## Data excerpts
Segment Open

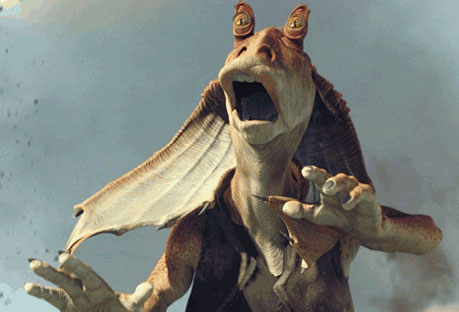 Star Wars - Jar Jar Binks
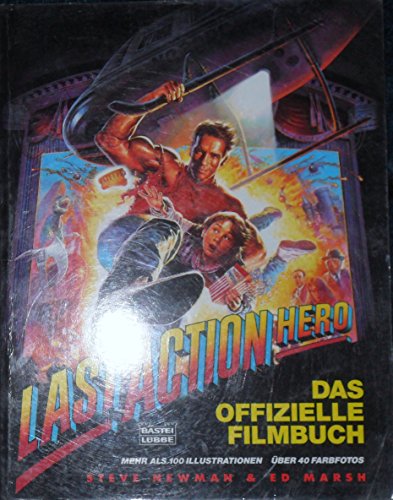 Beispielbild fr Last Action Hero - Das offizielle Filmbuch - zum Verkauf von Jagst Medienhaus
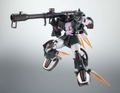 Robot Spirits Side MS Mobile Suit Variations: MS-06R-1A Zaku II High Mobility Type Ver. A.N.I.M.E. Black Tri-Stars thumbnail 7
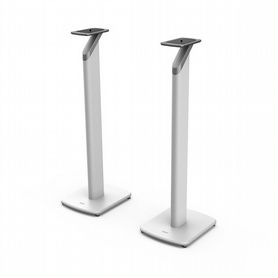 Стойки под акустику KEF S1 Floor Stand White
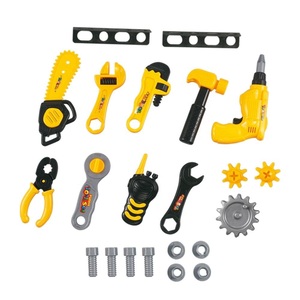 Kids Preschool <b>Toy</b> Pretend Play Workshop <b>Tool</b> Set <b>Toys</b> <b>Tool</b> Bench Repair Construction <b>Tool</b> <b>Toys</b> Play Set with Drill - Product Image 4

Segment Closed
Segment Open

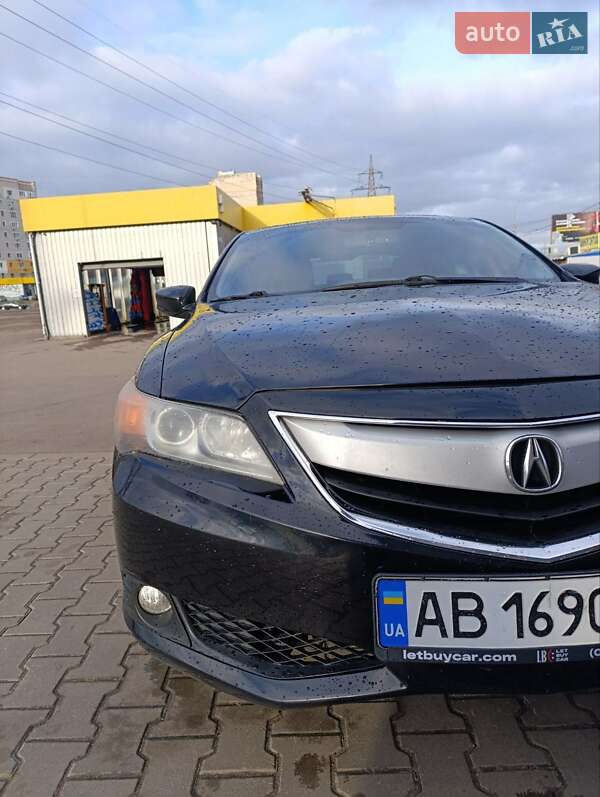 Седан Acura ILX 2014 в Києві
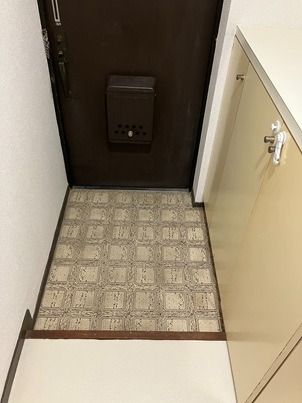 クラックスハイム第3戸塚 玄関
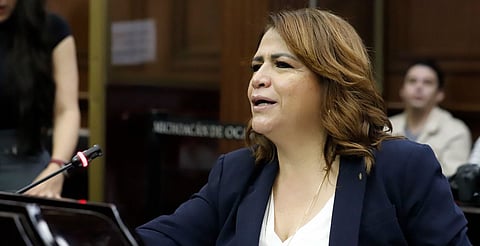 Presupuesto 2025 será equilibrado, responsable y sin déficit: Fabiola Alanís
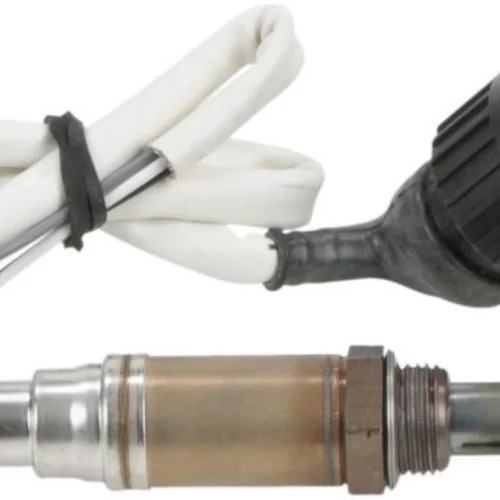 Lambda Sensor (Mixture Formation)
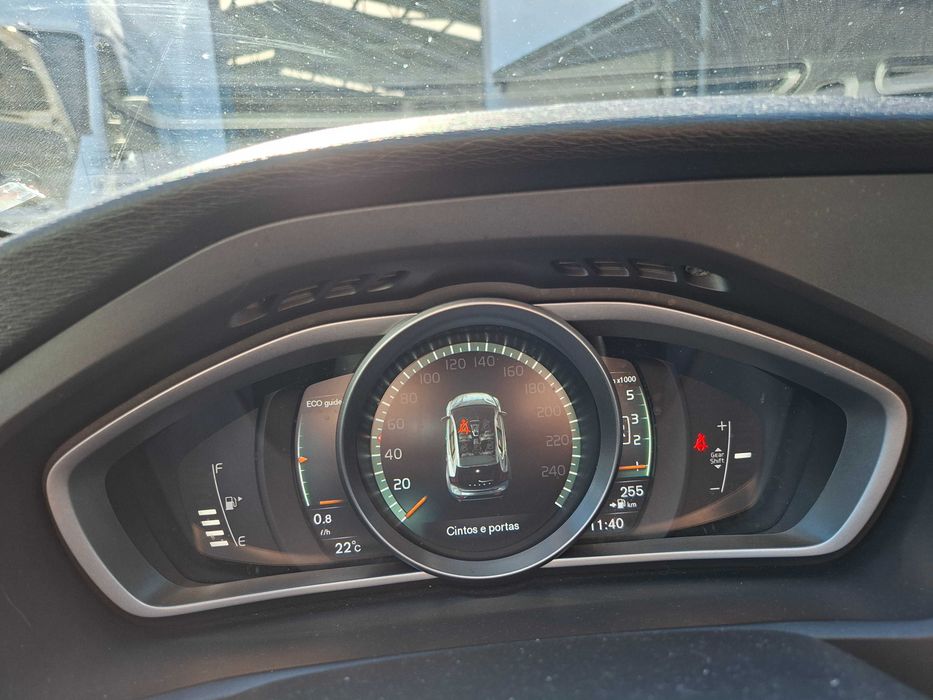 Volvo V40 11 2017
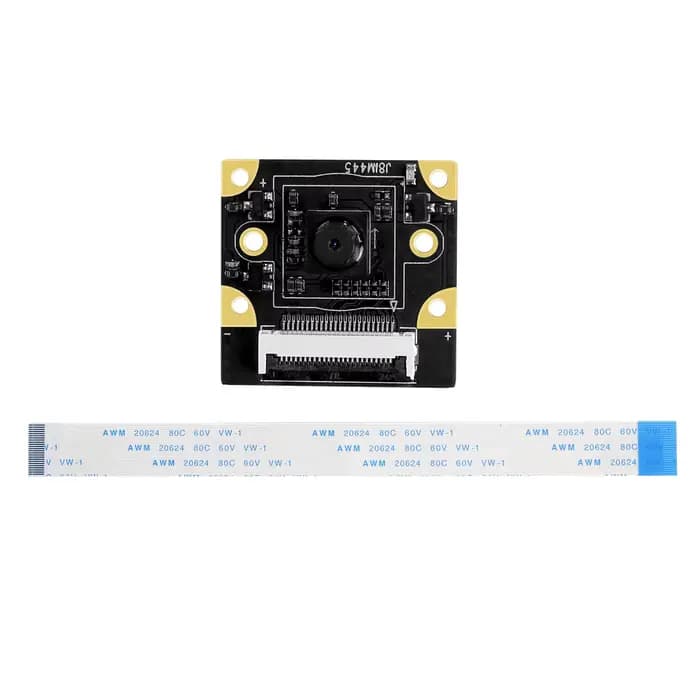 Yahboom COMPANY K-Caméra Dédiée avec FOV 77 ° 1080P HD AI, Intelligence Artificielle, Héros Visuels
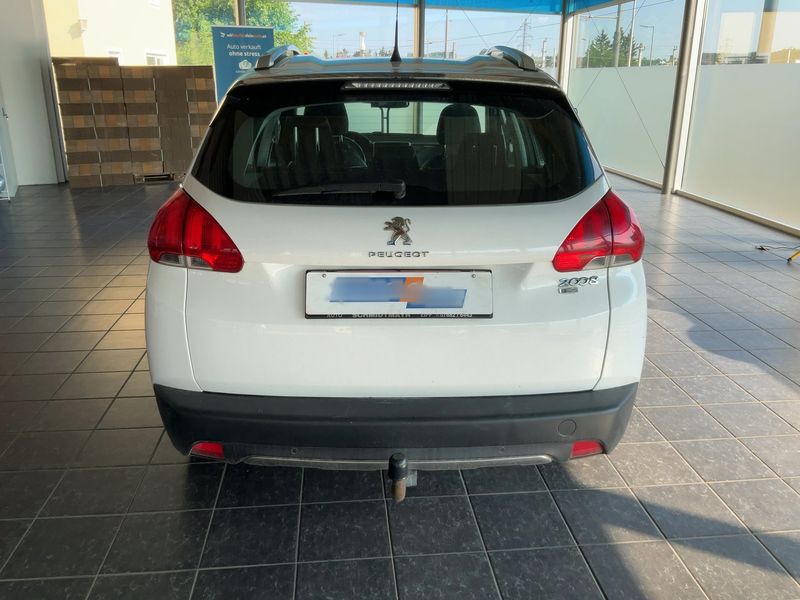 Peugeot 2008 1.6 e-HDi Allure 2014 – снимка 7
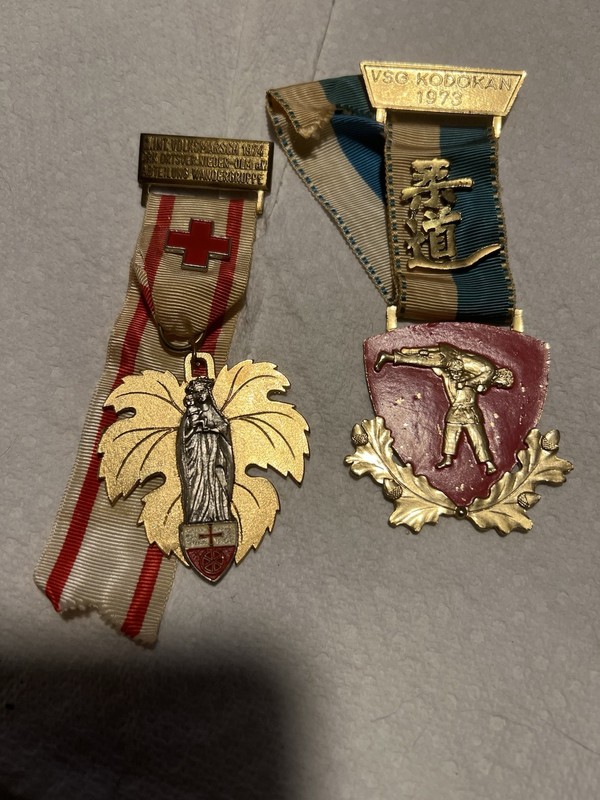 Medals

Segment Closed

## What the exercise asks
In the records above, everything from the line with "Star Wars - Jar Jar Binks" down to the line with "Kids Preschool <b>Toy</b>" is to be set down exactly, both ends included, with no pictures and no other lines.

## Written answer
 Star Wars - Jar Jar Binks
 Beispielbild fr Last Action Hero - Das offizielle Filmbuch - zum Verkauf von Jagst Medienhaus
 Robot Spirits Side MS Mobile Suit Variations: MS-06R-1A Zaku II High Mobility Type Ver. A.N.I.M.E. Black Tri-Stars thumbnail 7
 Стойки под акустику KEF S1 Floor Stand White
 Kids Preschool <b>Toy</b> Pretend Play Workshop <b>Tool</b> Set <b>Toys</b> <b>Tool</b> Bench Repair Construction <b>Tool</b> <b>Toys</b> Play Set with Drill - Product Image 4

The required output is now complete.